The same midrashic collection reads Genesis 6:13, "the end of all flesh has come before Me," with the same forensic care. The verse identifies the flood's trigger as the earth filling with hamas, usually translated as injustice. Bereshit Rabbah 31:5 stops on the word and refuses to let it mean ordinary theft.
Rabbi Hanina defines hamas as monetary wrongdoing in amounts smaller than a peruta, the smallest legal coin. The smallest unit of theft. So small that no court would hear the case. The rabbis paint the scene with a basket of lupin beans in a market. One person takes a few. Then another. Then another. Each act is too small to prosecute. The basket empties. The owner cannot name a thief.
The midrash hangs this reading on a phrase from Job 4:20, mibli mesim, "without a judge." The flood generation engineered a society in which the crimes were too small to bring before a judge. The cumulative damage was catastrophic, but the individual case files were empty. God, the midrash says, saw what no court could.
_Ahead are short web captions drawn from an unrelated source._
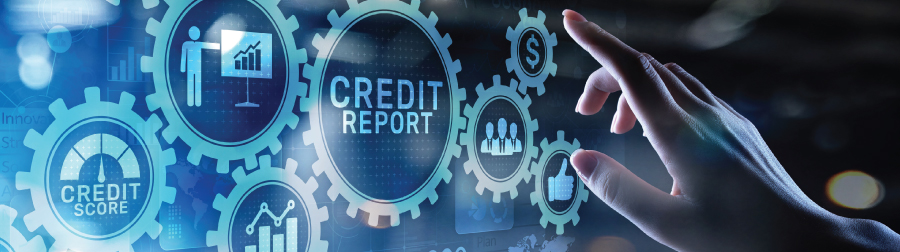 Credit Report / Score banner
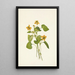 Violette jaune lisse Viola eriocarpa - Mary Vaux Walcott — ingelijst kunstwerk aan de muur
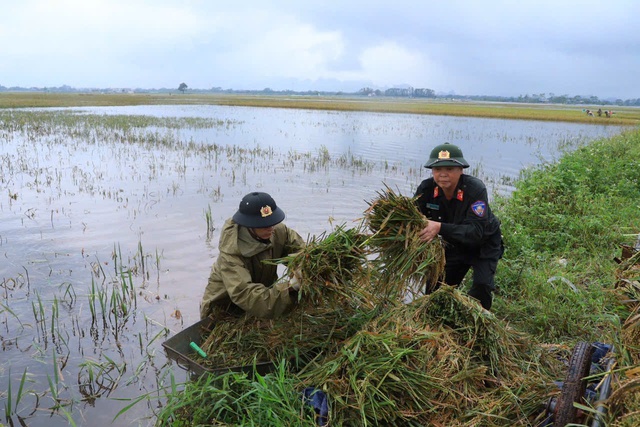 Mực nước tiếp tục lên, các địa phương tích cực phòng chống thiệt hại thiên tai- Ảnh 2.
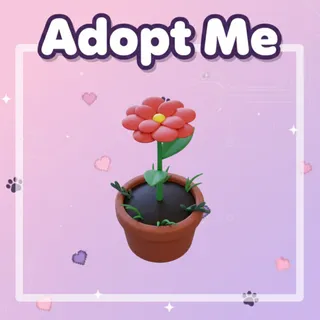 Growing Flower Hat
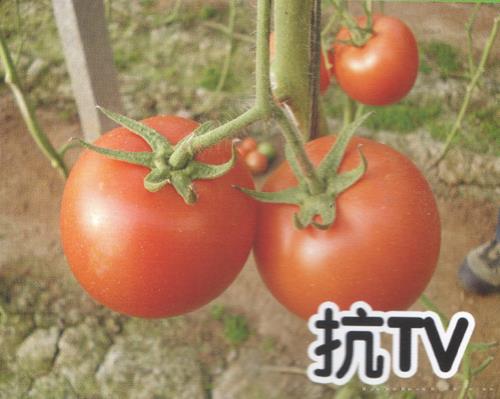 供应红果AG0888-番茄种子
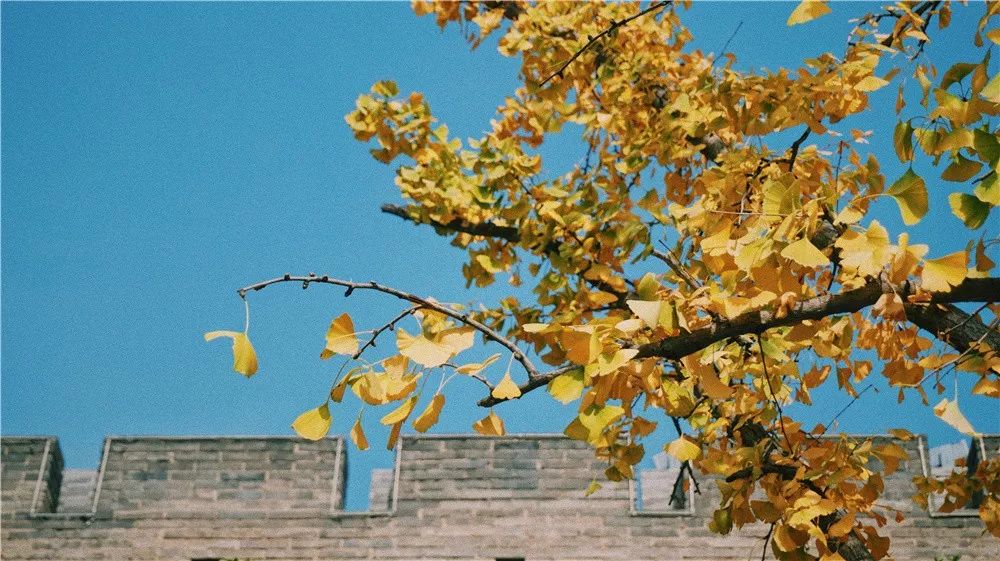 西安八月约会最佳地点,西安周末情侣最适合约会的地方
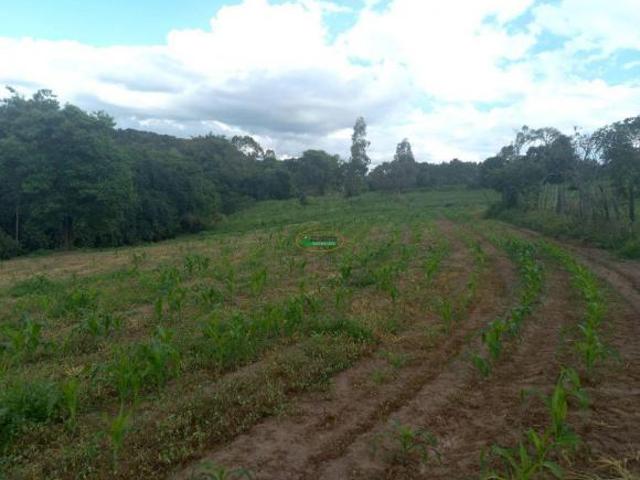Excelente fazenda em Claudio MG!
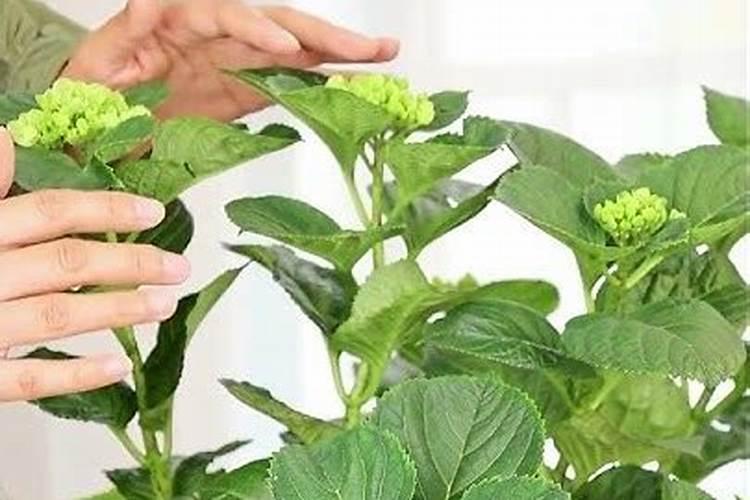 绣球花不开花的原因及处理方法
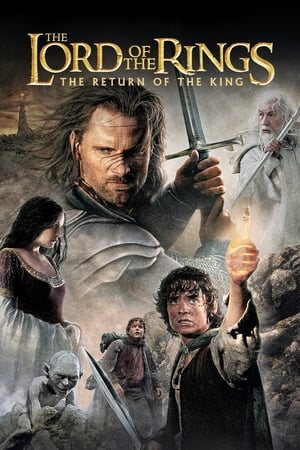 The Lord of the Rings: The Return of the King (2003) Hindi Dubbed [1.8GB] Download HD Poster Download - filmyfly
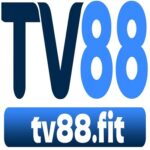 Profile picture of TV88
How does a society commit a crime no court can see?
The two midrashim solve each other. The leaders had abolished the categories the judges were supposed to enforce. The general population had reduced their thefts below the threshold the judges could prosecute. Once the top of the system was committing crimes too large to bring against itself, and the bottom was committing crimes too small to bring at all, the courts in the rabbinic reading of the pre-flood world had no jurisdiction left.
The rabbis hear this as a complete failure of the social contract. The flood is not just a punishment for individual sins. It is a recognition that the legal system itself had been hollowed out. Bereshit Rabbah is unwilling to let the destruction be read as arbitrary divine wrath. It is the consequence of a courtroom no one could enter anymore.
Why the rabbis insist the leaders moved first
Rabbi Shimon ben Yochai's principle, that no moral breach happens until prominent men begin it, is the load-bearing claim across both midrashim. The petty thefts at the market only become possible after the senior crimes have already normalized the larger violations. The marketgoer who skims a few beans is in some sense imitating the judge who took the bride. Both are operating in a world where the law has been emptied of force.
This is also why the rabbis link the verse about the children of the great men so quickly to the verse "the Lord said: I will obliterate man." (Genesis 6:7). The two verses are almost adjacent. The midrash hears the second verse as the divine reaction to the first. Once leadership commits this kind of crime, the rabbis say, the rest of the destruction follows almost mechanically.
What the lupin beans actually mean
Bereshit Rabbah leaves the reader with one of its most uncomfortable images. A market stall. Beans worth less than a small coin. A line of ordinary people, each taking just a little, each individually innocent of any chargeable crime. And above them, in palaces, judges drawing up marriage contracts for unspeakable arrangements. The flood is the moment the rabbis admit those two scenes are the same scene.
The collection does not separate the indictments. It pairs them on purpose. A world drowns when the powerful break the largest rules and the powerless break the smallest, and the courts that should connect the two have already been closed.